General Electric and Rolls-Royce are pinning hopes of saving the F136 from cancellation on an extended offer of fixed prices on early production engines. The proposal bids to offset projected costs to complete development used by the Pentagon to justify canceling the second engine for the Lockheed Martin F-35 Joint Strike Fighter.
With half the savings expected to come from price reductions on the F136, and half from Pratt & Whitney matching the offer with competitive prices for its F135, the GE/Rolls Fighter Engine Team (FET) believes the proposal will save $1 billion over the next five years before head-to-head competition is planned to begin.
The claimed savings are intended to offset the $2.9-billion cost to complete development and begin production of the F136 projected by the Defense Department’s Cost Assessment and Program Evaluation (CAPE) group and used to justify zeroing funding for the F136 in its Fiscal 2011 budget request.

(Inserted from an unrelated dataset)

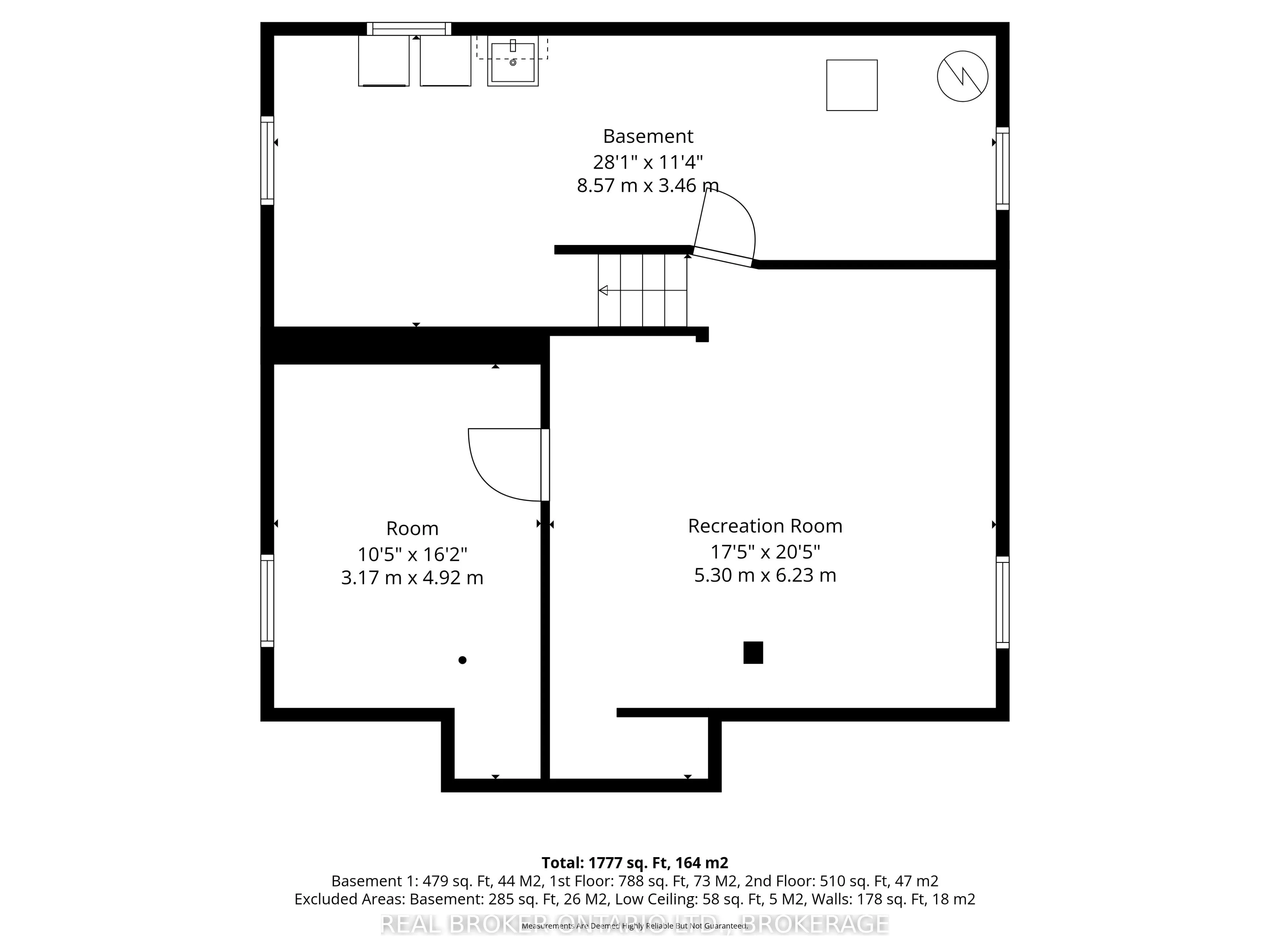 25 Dunbar Avenue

GE/Rolls does not agree with the CAPE analysis, estimating it will take $1.8 billion to complete F136 development and tool up for production, says FET Chairman Jean Lydon-Rodgers. Fixed prices shift to industry the risk that manufacturing costs will not come down the learning curve as fast as planned, she says.
Making its fifth consecutive attempt to cancel the second engine, the Pentagon is not impressed with the new offer. “The [Defense] secretary does not believe the JSF needs an extra engine. Period,” says Geoff Morrell, Pentagon press secretary. “We simply can’t afford to buy two of everything.”

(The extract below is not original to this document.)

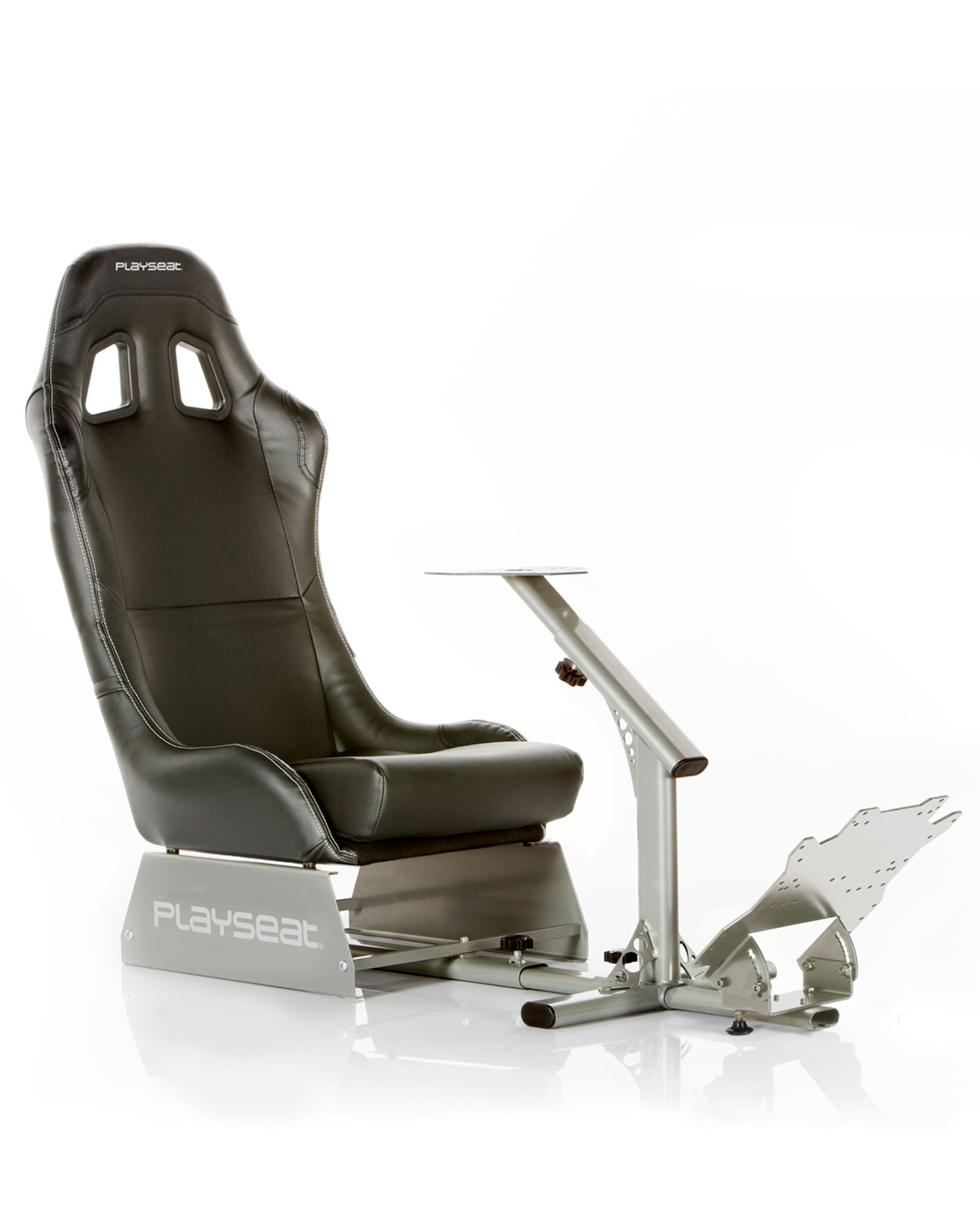 SILLA PARA GAMING PLAYSEAT EVOLUTION BLACK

But the new offer is aimed squarely at Congress, which for the second year faces the threat of a presidential budget veto if it adds funding for the F136. The threat was defused last year by finding the money from outside the JSF budget, but the rhetoric has stepped up this year.
The timing is crucial. In updating the cost analysis conducted in 2007, the CAPE says the business case for a second engine has improved to break-even as a result of the “sunk costs” for F136 development during the past three years. That leaves the CAPE’s disputed $2.9-billion estimate of the cost to completion as the hurdle to be overcome.
“This offer will take $1 billion out of the first five years and turn the business case from neutral to very positive. This is a way through the short-term cost pressures to get to the long-term benefit,” says GE Aviation President and CEO David Joyce, noting the Government Accountability Office projects savings from competitive procurement of close to 20% over the program’s life.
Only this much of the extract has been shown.